Roussillon Weinprobe im Lamazere

Französische Weinprobe von Roussillon Weinen in der Brasserie Lamazère Foto © Anke Sademann

Die Weinregion „Roussillon“ mit seiner zwischen Mittelmeerküste und bergigem Steinland gebetteten Hauptstadt Perpignan, hatte im letzten Jahr einen besonderen Platz in der europäischen Welt der feinmundigen Weine: sie wurde zur Europäische Weinregion 2019 auserkoren. Santé! Darauf stoßen wir an und freuen uns jetzt schon auf das neue Jahr mit diesen wunderbaren Weinen!

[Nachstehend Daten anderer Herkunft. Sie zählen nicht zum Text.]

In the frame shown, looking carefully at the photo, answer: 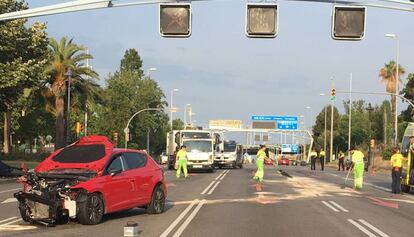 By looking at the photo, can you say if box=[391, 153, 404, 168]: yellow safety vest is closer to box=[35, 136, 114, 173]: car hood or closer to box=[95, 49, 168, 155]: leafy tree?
box=[35, 136, 114, 173]: car hood

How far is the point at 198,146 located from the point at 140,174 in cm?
2388

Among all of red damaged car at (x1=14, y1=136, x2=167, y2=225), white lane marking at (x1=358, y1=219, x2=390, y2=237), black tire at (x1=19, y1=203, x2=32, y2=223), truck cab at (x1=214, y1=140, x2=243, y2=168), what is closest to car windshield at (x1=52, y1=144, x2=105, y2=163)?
red damaged car at (x1=14, y1=136, x2=167, y2=225)

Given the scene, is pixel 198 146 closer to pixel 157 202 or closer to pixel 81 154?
pixel 157 202

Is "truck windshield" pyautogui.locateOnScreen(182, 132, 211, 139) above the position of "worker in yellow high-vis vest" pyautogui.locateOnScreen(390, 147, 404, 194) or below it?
above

Wir haben die Region besucht und ihren Titel zum Jahresbeginn bei einer Weinverkostung im formidablen französischen Restaurant Brasserie Lamazère in Berlin Charlottenburg gefeiert. Ein paar typische Roussillon-Weine wurden ver- und vorge-kostet. Wir verraten welche die besten waren und (nach einer detektivischen Recherchearbeit:) auch wo und in welchem Berliner Wein-Fachgeschäften man die guten Tropfen erstehen kann (im Berliner Gefilde sind sie leider noch schwer zu finden).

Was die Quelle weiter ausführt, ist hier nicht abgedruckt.